Please reproduce the data exactly, though every picture must stay out.

*Provided data*
----------

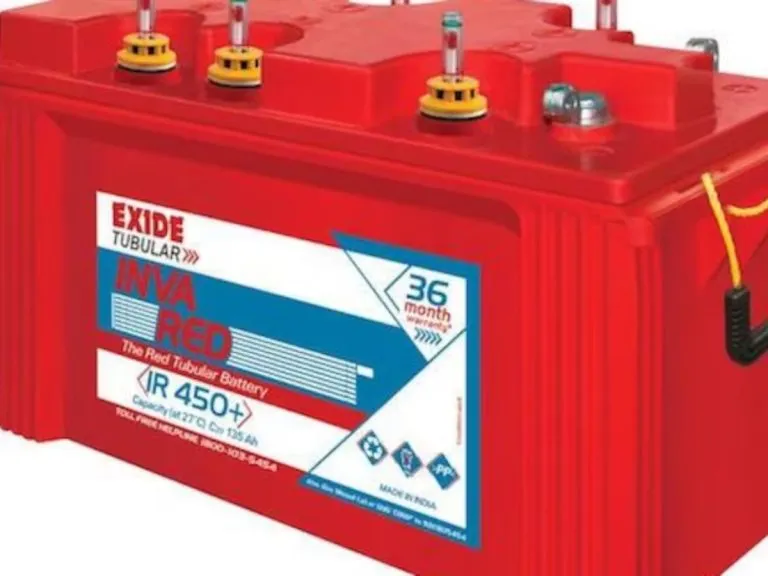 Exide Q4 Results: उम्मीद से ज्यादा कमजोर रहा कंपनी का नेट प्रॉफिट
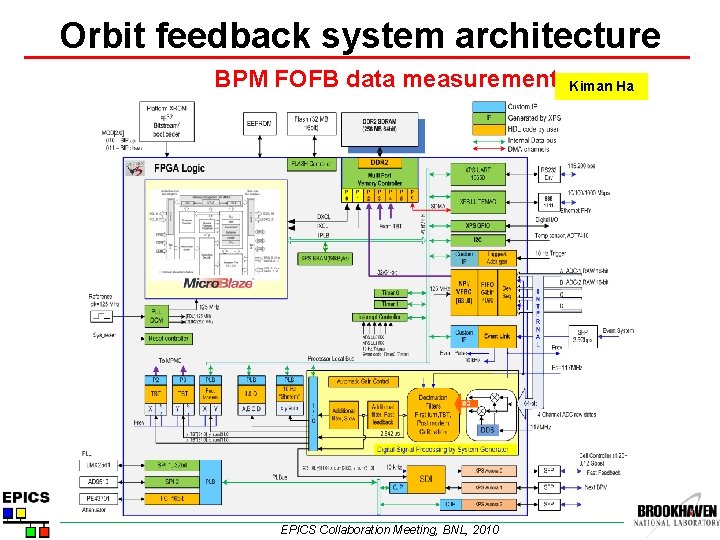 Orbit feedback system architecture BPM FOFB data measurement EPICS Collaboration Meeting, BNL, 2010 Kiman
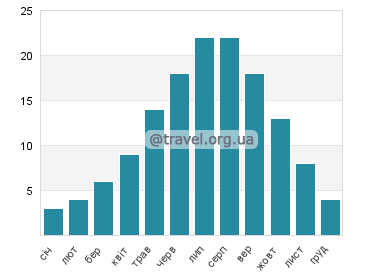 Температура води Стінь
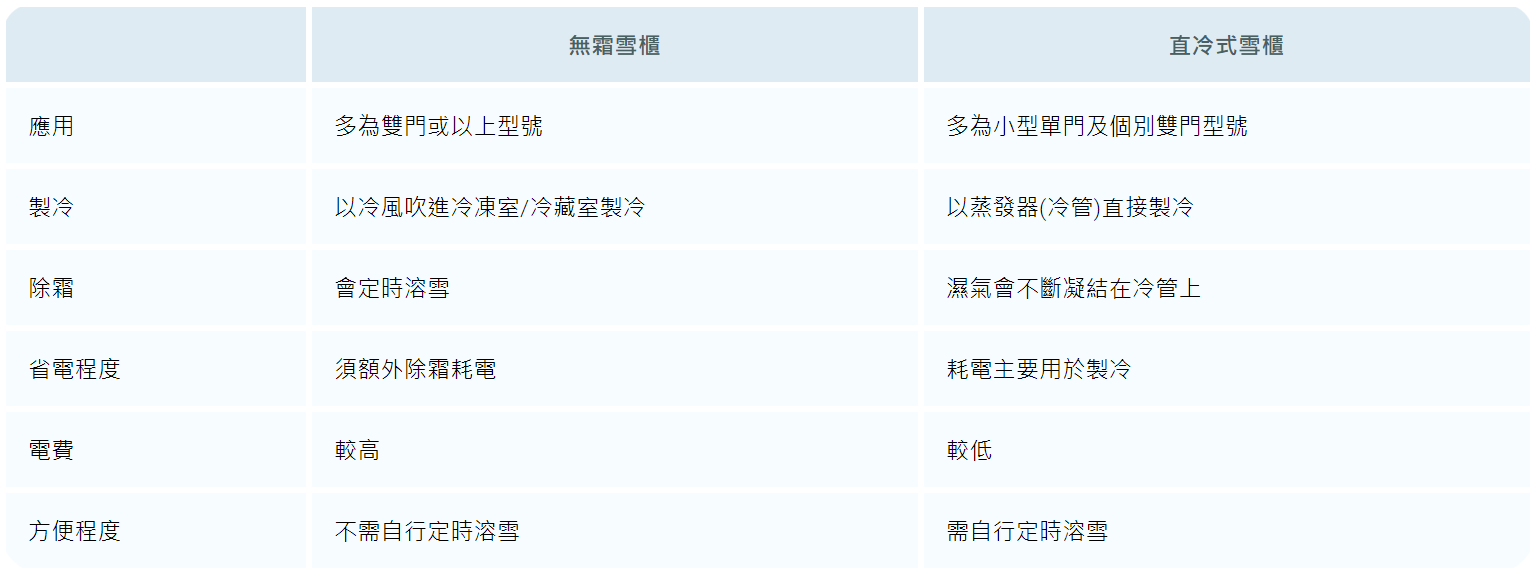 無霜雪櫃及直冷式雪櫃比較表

----------

*Exercise solution*
 Exide Q4 Results: उम्मीद से ज्यादा कमजोर रहा कंपनी का नेट प्रॉफिट
 Orbit feedback system architecture BPM FOFB data measurement EPICS Collaboration Meeting, BNL, 2010 Kiman
 Температура води Стінь
 無霜雪櫃及直冷式雪櫃比較表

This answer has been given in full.